THE TASK: Could you restate every entry word for word, minus the pictures?

PROVIDED DATA:
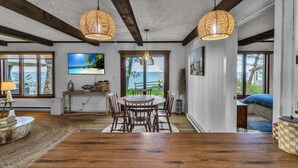 A dining area with a wooden table and chairs, two hanging wicker lamps, a television on the wall, and a view of the outdoors through large windows.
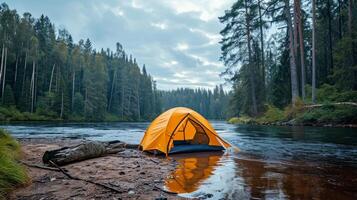 AI generated orange tourist tent stands on the river bank surrounded by a pine forest with copy cpace photo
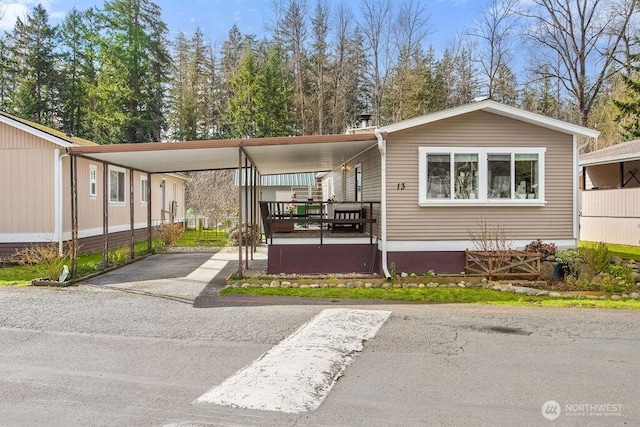 manufactured / mobile home featuring an attached carport and driveway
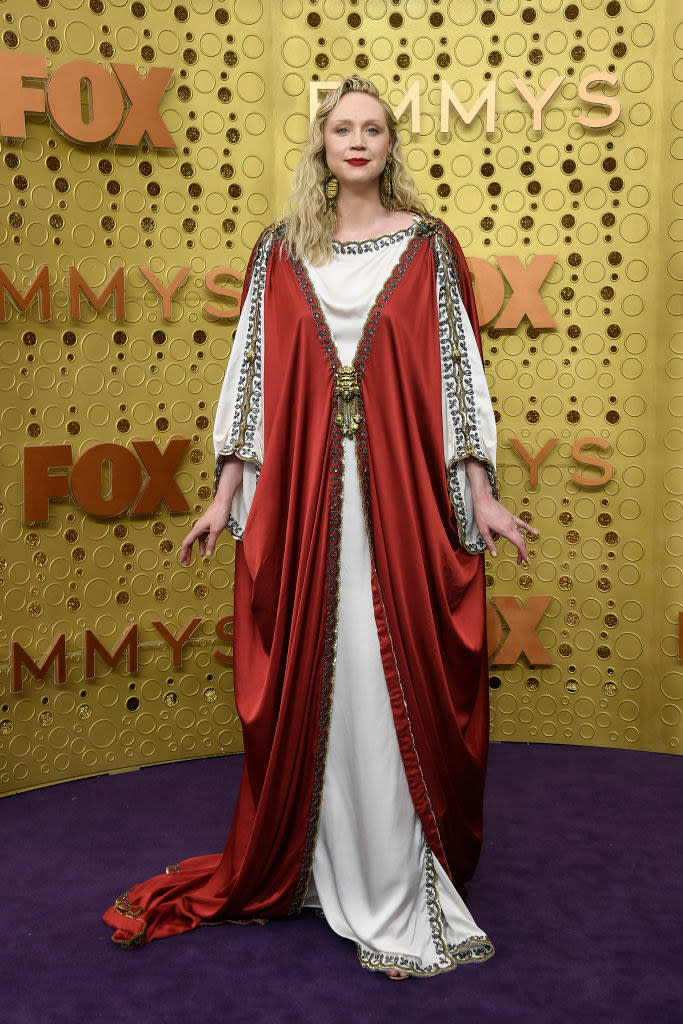 Religious looking garment with long flow sleeves and skirt, a long neckline at the collarbone, a slight cinch at the waist, and a kimono-style draped fabric piece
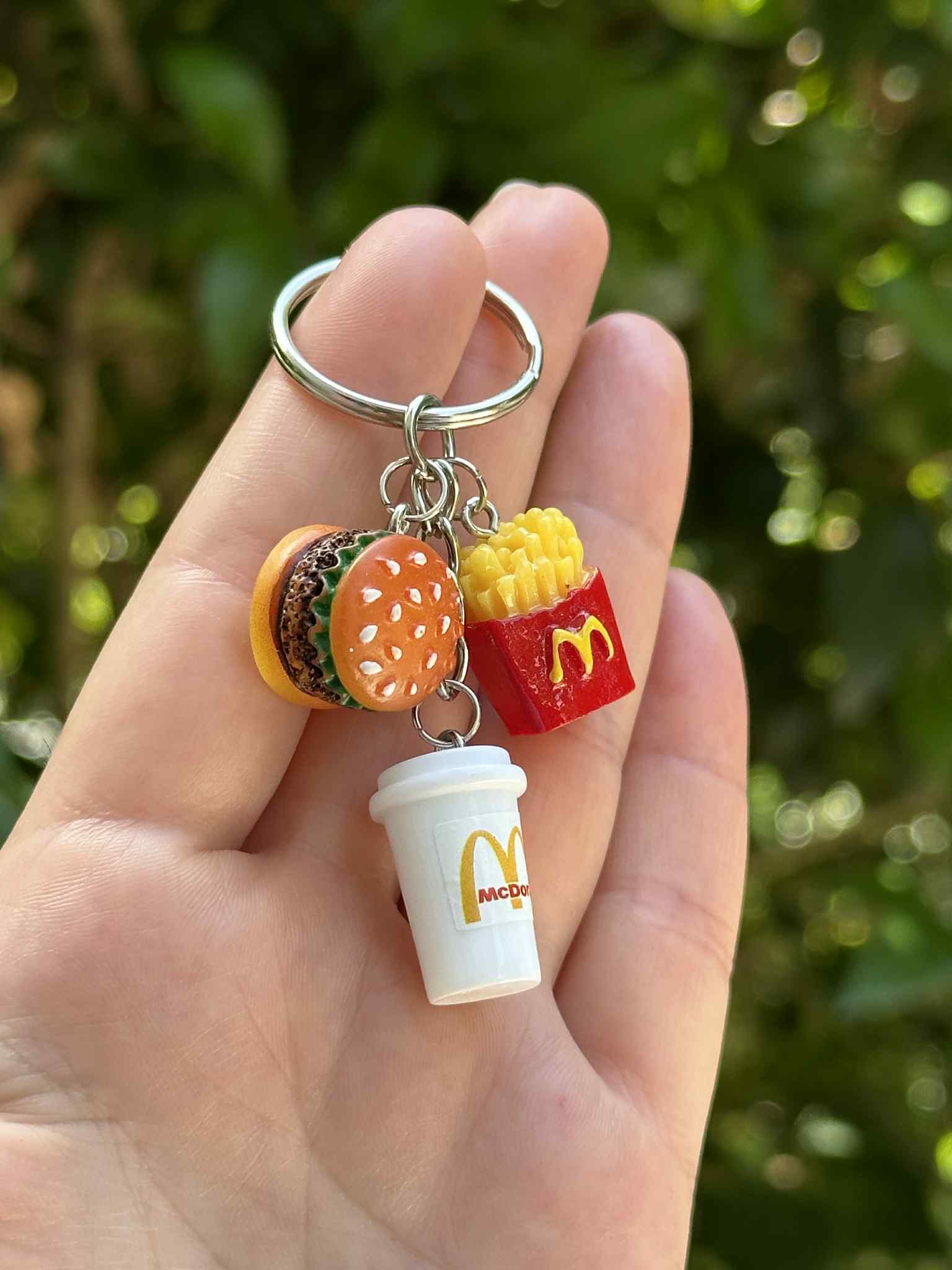 Keychain with McDonald's-themed charms including a burger, fries, and cup held in a hand with a blurred green background.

PROBLEM SOLUTION:
 A dining area with a wooden table and chairs, two hanging wicker lamps, a television on the wall, and a view of the outdoors through large windows.
 AI generated orange tourist tent stands on the river bank surrounded by a pine forest with copy cpace photo
 manufactured / mobile home featuring an attached carport and driveway
 Religious looking garment with long flow sleeves and skirt, a long neckline at the collarbone, a slight cinch at the waist, and a kimono-style draped fabric piece
 Keychain with McDonald's-themed charms including a burger, fries, and cup held in a hand with a blurred green background.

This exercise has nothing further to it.